Chirurgie esthétique

«Jamais je ne passerai par là. Quelle horreur! J'ai tellement peur de la maladie, de l'hôpital, des anesthésies. Alors, y aller de mon plein gré, quelle aberration! De toute manière, la chirurgie esthétique est un leurre. Elle ne redonne pas la jeunesse mais modifie le visage au point de devenir un autre.
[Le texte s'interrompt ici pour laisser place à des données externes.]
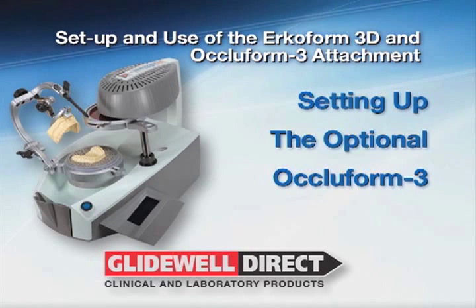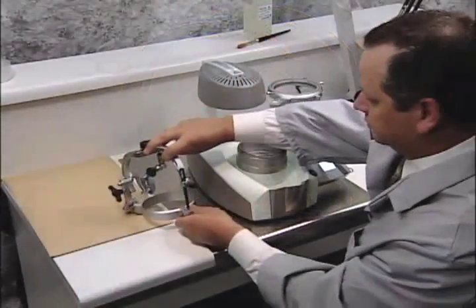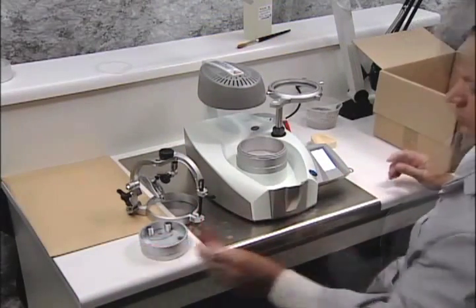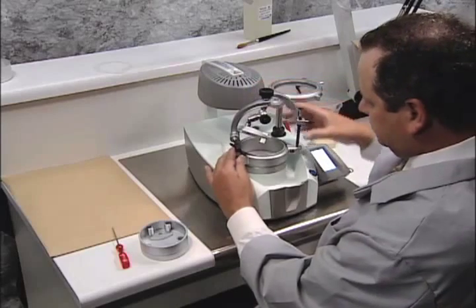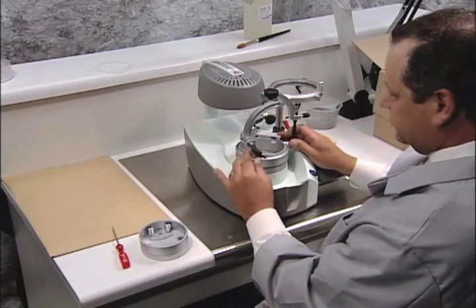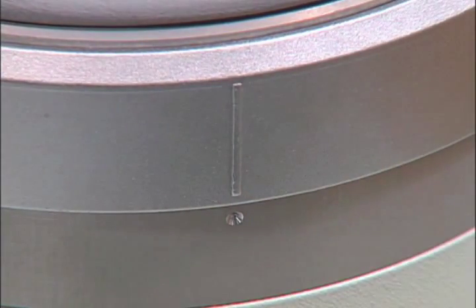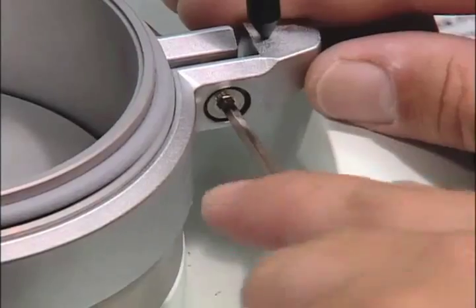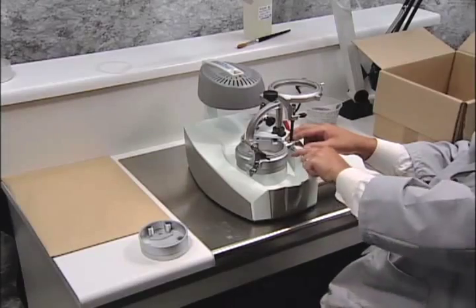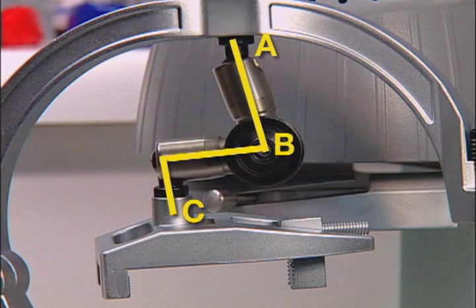Now let's set up the optional Ocloform 3 device. Remove all parts from the box and lay them out. Place the fixation ring onto the Erkoform 3D housing and line up the pin with the supporting pin at right angles to the unit. Make sure to align the point at the form pot of the 3D housing unit with the ring. Be sure the fixation ring is seated firmly and tighten the Allen screw. When positioning the arresting joint, align points A, B, and C as shown.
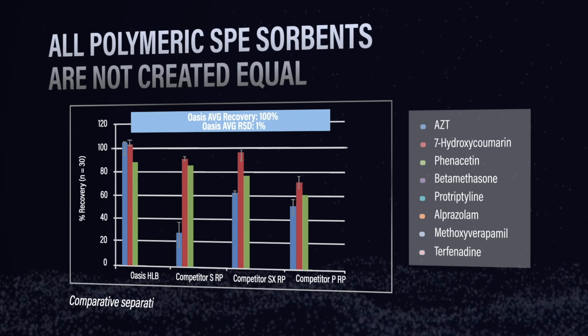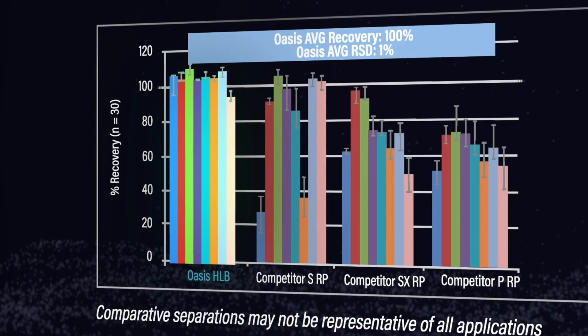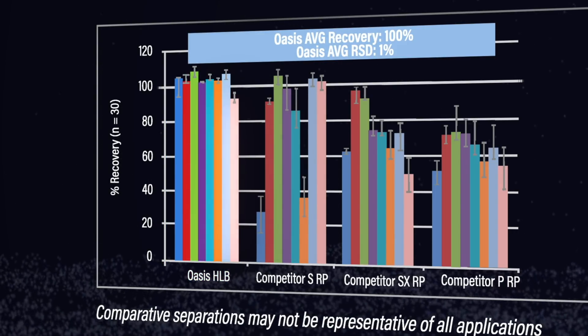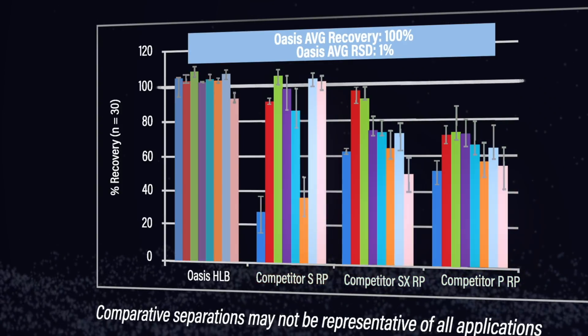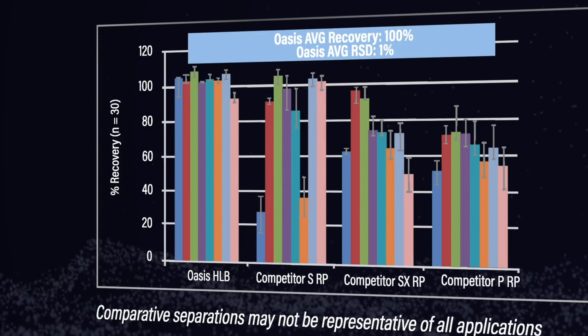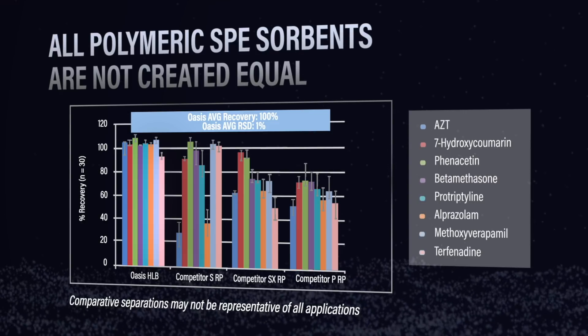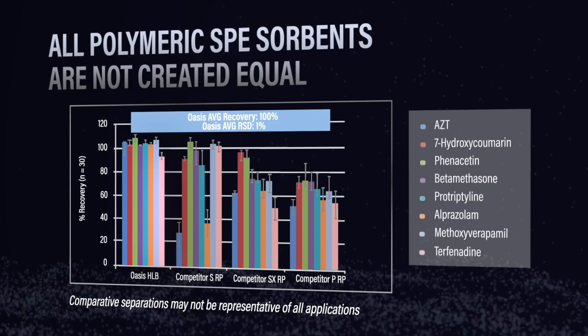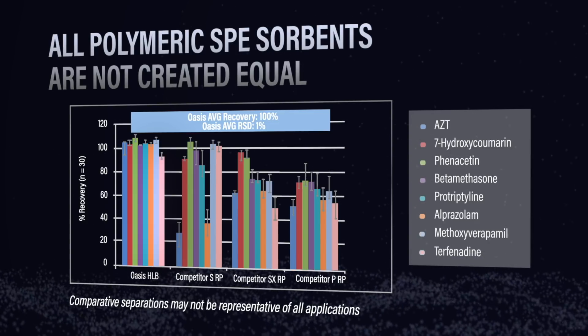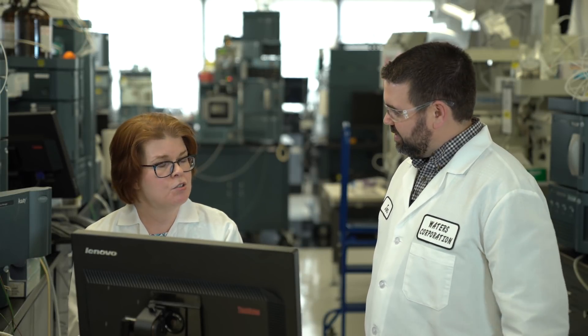In our second experiment, we ran these same sorbents without the conditioning and equilibration steps. What we can see is that one of the sorbents worked really well, which would indicate that it's truly water wettable — but the other three did not. They have much lower recoveries, and the big problem is much greater reproducibility issues; the RSDs and error bars were a lot higher. You can imagine how this plays out in the lab: if wells or cartridges are flowing at different rates, or drying out under vacuum or positive pressure, you get the same kind of reproducibility problem.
Les femmes entre 45 et 50 ans ont toutes le même visage: on dirait des clones. Dans certaines soirées mondaines, toutes les femmes ont la tête d'Ivana Trump. Dans Edelweiss, il y a deux sujets tabous: les régimes et la chirurgie esthétique.»

La justice de l'âge

«Je crois en la fable de Dorian Gray, sauf qu'il n'y a pas de tableau caché, seulement son propre visage. C'est sur soi que les choses se marquent. C'est peut-être la seule justice de l'âge: vieillir est un révélateur de vérité. Pour moi, l'âge le plus terrible a été 25 ans, au moment où les cellules se mettent à fonctionner à l'envers. C'est l'âge où l'on s'arrête de grandir, avec tous les espoirs qui vont avec.»